From Offline to Online: Pretrained Dynamic Optimization with Multi-Agent Reinforcement Learning
提出预训练动态优化框架PreDOF,通过离线预训练和在线微调两阶段,利用多智能体强化学习提升在线动态优化场景的收敛性能,在基准测试和实际案例中均优于现有方法。
Dynamic optimization enables efficient decision-making in complex, time-varying, and uncertain environments, providing a wide range of application opportunities. However, the existing methods mainly focus on offline dynamic optimization problems. When faced with online optimization scenarios characterized by stronger dynamics and frequent changes that impose stricter time constraints on adaptation, their convergence performance decreases significantly. To fill this gap, we propose a pretrained dynamic optimization framework (PreDOF) for online scenarios. This framework introduces a novel learning paradigm, Evolutionary Markov Decision Process (EMDP), which is designed to harness multi-agents’ real-time decision-making ability effectively.
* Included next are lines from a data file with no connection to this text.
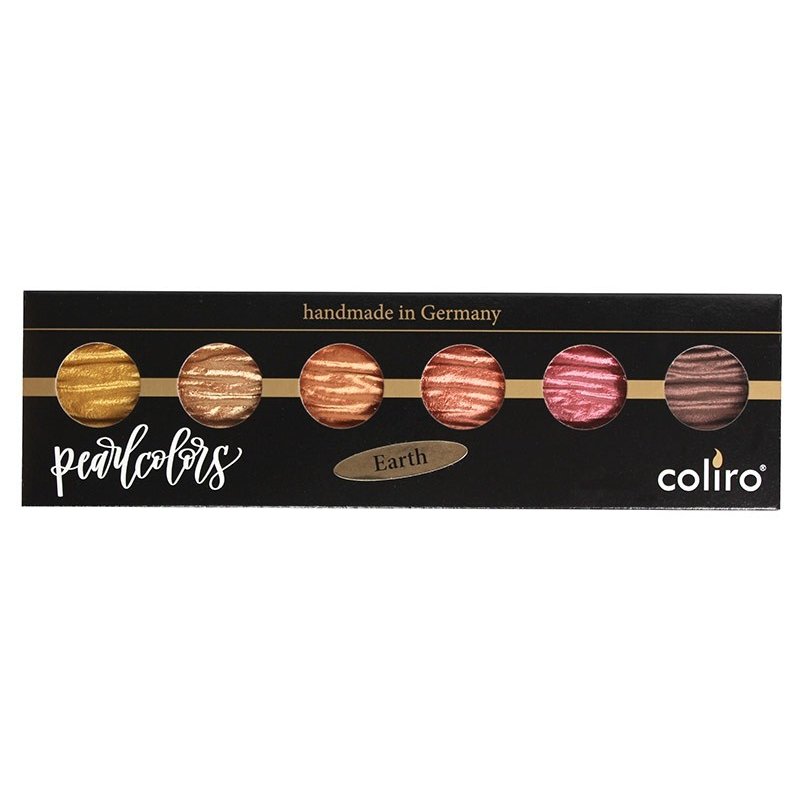 Coliro Earth - set of 6 colours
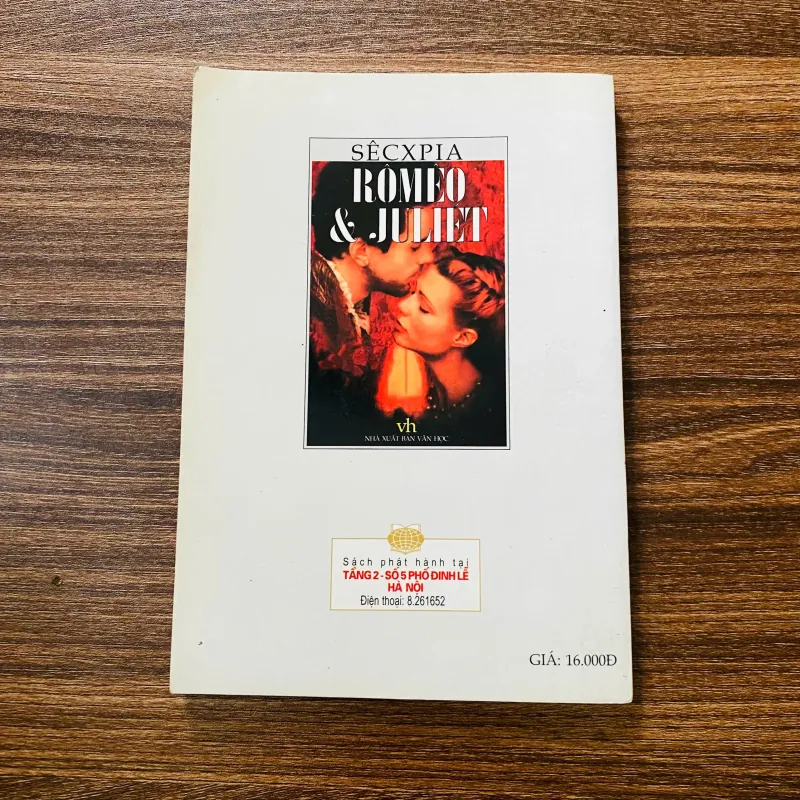 Romeo và Juliet -  William Shakespeare#HATRA 973613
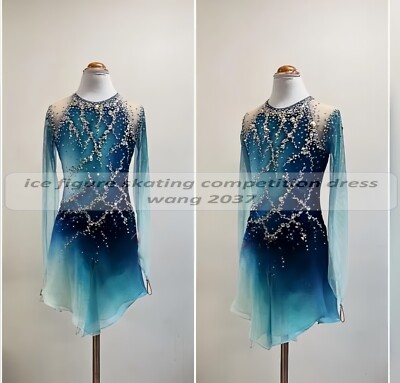 New Figure skating costumes 220- hand-made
PreDOF has two stages: 1) Offline Pre-training: multi-agent reinforcement learning is employed on large-scale evolutionary data to capture environmental change patterns. The agents are trained in each dynamic environment to guide the evolution directions; 2) Online Fine-tuning: an online agent is adjusted with the offline experience to obtain real-time optimization outcomes. The online agent is trained to join the offline multi-agent via a Weighted Joint Decision strategy, thereby accelerating online convergence and response to changes promptly. Experimental results on benchmarks demonstrate that the proposed framework outperforms the competing methods in terms of both effectiveness and convergence. Furthermore, the real-world case study also reveals the superior performance of our proposed framework in highly constrained and challenging dynamic optimization scenarios.